First, a quick look at the kinds of offsets metadata which are relevant. In inspecthtml, this is represented by the NodeMetadata type, although the principles are fairly implementation-agnostic.

<span class="styled"> hello<br/>world </span>  // span element
^-------------------^                          TokenOffsets             L1C1:L1C22;0x0:0x15
 ^--^                                          TagNameOffsets           L1C2:L1C6;0x1:0x5
      ^---^                                    TagAttr[0].KeyOffsets    L1C7:L1C12;0x6:0xb
            ^------^                           TagAttr[0].ValueOffsets  L1C13:L1C21;0xc:0x14
                                      ^-----^  EndTagTokenOffsets       L1C39:L1C46;0x26:0x2d
                     ^---------------^         GetInnerOffsets()        L1C22:L1C39;0x15:0x26
^-------------------------------------------^  GetOuterOffsets()        L1C1:L1C46;0x0:0x2d

<span class="styled"> hello<br/>world </span>  // " hello" text
                     ^----^                    TokenOffsets             L1C22:L1C28;0x15:0x1b

<span class="styled"> hello<br/>world </span>  // br element
                           ^---^               TokenOffsets             L1C28:L1C33;0x1b:0x20
                                               TagSelfClosing           true

<span class="styled"> hello<br/>world </span>  // "world " text
                                ^----^         TokenOffsets             TextToken=L1C33:L1C39;0x20:0x26

Internally, I use the cursorio package for tracking byte and line+column offsets (non-trivial in the world of Unicode where 1 byte != 1 column).

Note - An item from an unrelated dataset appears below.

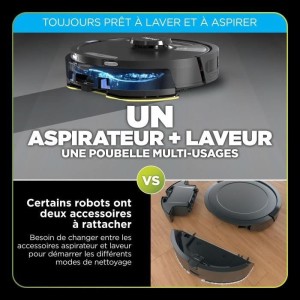Shark Matrix Plus RV2620WAEU - 2-in-1-Staubsauger- und Wischroboter mit automatischer Entleerung - Reinigt Ecken und Winkel - Op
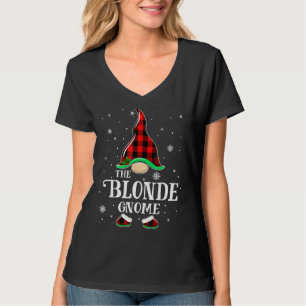 Camiseta Blonde Gnomo Buffalo Xadrez Matching Family Christ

Each of the *Offsets in the example are represented in Go with the TextOffsetRange type which provides From and Until fields of their respective offsets.

Token Smuggler

Now on to the tricky part. Since html.Tokenizer does not expose any byte offset metadata, and the html.Parser does not support correlation between a token and produced *html.Node values, I went with a kind of man-in-the-middle (MITM) implementation using some state across three stages:

  • Byte Transform (using the standard html.Tokenizer type) to capture all relevant byte offsets and inject metadata references into the byte stream.
  • HTML Parse (using the standard html.Parse function) to build a valid HTML5 document based on the altered byte stream.
  • Tree Transform to resolve and drop internally-smuggled metadata from the DOM.

To make this work (while ensuring the *html.Node result from inspecthtml.Parse and html.Parse remain equivalent), I had to use several different smuggling approaches based on each token type.

Tags

For each StartTagToken (and SelfClosingTagToken), we want to capture the raw offsets of the token and the offsets for each attribute. The captured offsets can be stored in memory, and then, to maintain the reference, we secretly inject our own attribute.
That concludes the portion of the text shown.